Wednesday, December 5, 2007


Jonathan Gould's "Can't Buy Me Love" Book Review

This is the third in a row of Beatles books I've read, and will be the last for a while. Strange, as I've said, since I am not much of a fan of the group for much of their music so much as an inquirer into what made them so successful. Gould, a jazz player, spent two decades on this investigation. He combines the biographical range of an author like Bob Spitz with a deeper cultural insight that parallels if not intersects with Steven Stark, and he offers, as did Ian Mac Donald, a sophisticated analysis of many of their songs from a technically adept and closely observed musicologist's understanding.

Gould not only recites the familiar details, but explains their significance. For instance, Woolton is a suburb of Liverpool where Lennon was raised, but Gould places the locale in its suburban context vs. the supposedly working-class upbringing the maturing John was afforded. Instead of saying he dressed like a Teddy Boy, he goes on to place that movement within its psuedo-Edwardian origins in a war-straitened tailoring innovation that failed to catch on among the dandies so much as the sartorial rebels after the Second War. Such detail for many may be more than the reader may have bargained for, and as with the excursus upon Max Weber's theories, has surprised critics expecting another dutiful slog through accounts of Lennon wearing a toilet seat around his neck in Hamburg. Gould, to his credit, avoids the tiresome repetition.

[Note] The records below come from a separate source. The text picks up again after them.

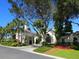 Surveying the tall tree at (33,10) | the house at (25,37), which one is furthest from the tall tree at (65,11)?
the house at (25,37)

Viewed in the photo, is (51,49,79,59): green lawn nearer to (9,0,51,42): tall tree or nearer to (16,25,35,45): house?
(9,0,51,42): tall tree

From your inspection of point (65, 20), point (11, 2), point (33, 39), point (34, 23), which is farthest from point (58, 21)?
point (33, 39)

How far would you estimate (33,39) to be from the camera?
210ft

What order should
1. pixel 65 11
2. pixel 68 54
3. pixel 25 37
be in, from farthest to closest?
pixel 25 37 < pixel 65 11 < pixel 68 54

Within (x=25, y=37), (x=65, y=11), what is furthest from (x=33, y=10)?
(x=25, y=37)

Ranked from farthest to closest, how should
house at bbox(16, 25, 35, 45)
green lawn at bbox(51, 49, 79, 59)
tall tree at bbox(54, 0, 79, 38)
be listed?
house at bbox(16, 25, 35, 45)
tall tree at bbox(54, 0, 79, 38)
green lawn at bbox(51, 49, 79, 59)

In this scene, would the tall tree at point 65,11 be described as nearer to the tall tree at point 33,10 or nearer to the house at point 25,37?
the tall tree at point 33,10

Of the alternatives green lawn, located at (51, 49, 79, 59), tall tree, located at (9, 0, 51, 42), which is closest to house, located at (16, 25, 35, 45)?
tall tree, located at (9, 0, 51, 42)

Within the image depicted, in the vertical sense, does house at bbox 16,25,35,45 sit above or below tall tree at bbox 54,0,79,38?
below

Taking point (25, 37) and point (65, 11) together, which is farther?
point (25, 37)

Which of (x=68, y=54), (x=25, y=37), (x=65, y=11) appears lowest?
(x=68, y=54)

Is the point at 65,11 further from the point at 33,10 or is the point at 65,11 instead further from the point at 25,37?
the point at 25,37

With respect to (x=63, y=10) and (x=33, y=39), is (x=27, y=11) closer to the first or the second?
(x=63, y=10)

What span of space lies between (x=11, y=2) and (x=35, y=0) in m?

When he discusses the Maharishi and his Transcendental Meditation, he opines how the guru proved a clever salesman who did not exactly tell the Beatles that the noun was much easier to attain than the adjective, so to speak! He handles the Eastman-Klein-NEMS negotiations in the same numbing detail that Spitz had, but adds to the discussion of these necessary facts an understanding of the reasons Lennon and McCartney may have desired such legal and managerial changes, why they picked who they did, and what blunders were made by all sides. He strives for fairness, but you also realize, as with the treatment of Pete Best earlier and Alistair Taylor later, how selfish the four musicians could be as they continued, despite their own bickering as the band began to disintegrate, to remain loyal only to each other.

His cultural range is vast. Isherwood, Huxley, Gertrude Stein, Lewis Carroll, Edward Lear all gain attention, and the subtitle of the book while it appears too limited, does place the band's impact solidly within their studio innovation, their send-up of show biz conventions (a particular strength of Gould's project), and their British appeal to an American audience in the post-JFK slump. You learn much about the chords, the contributions of George Martin and his team, and how songs express the tensions and joys that the Beatles were experiencing as they made their music.

Compared to Spitz, as Gould tends to range over much of the same terrain inevitably, there is less about the band in their private life, and about the same attention to their public life. Less on the Apple's store and monetary problems, more on the influence of LSD on the band. Less on the goings on of the Maharishi, more about George Harrison's increasing fluency on the guitar in the band's final years. Less on their calculated witticisms (he notes well that estimations of their press conference wit tended to lean heavily on their first year of fame, as they tired quickly of such effort) and more on their reworkings of Dylan and their influences and competitors (he cites a liner note from Donovan's "A Gift From a Flower to a Garden" to devastating effect to show flower children at their most insipid).

A valuable combination of contextual situating of the band within their times and an argument how the band managed to transcend their origins and represent a liberating spirit that shaped not only the Sixties but every decade since, Gould's book may be more for the scholar than the casual fan. Yet, such ambition is appropriate as enough time has passed that the Beatles now can begin to be placed within their century as a crucial intellectual as well as entertainment force. Gould's study proves this.

(Posted to Amazon US today, where I recently reviewed Stark's "Meet the Beatles" and two years ago Bob Spitz' magisterial biography, "The Beatles." Ian Mc Donald's "Revolution in the Head" remains the pioneering study in joining musicology to sociology regarding the band's impact and legacy.)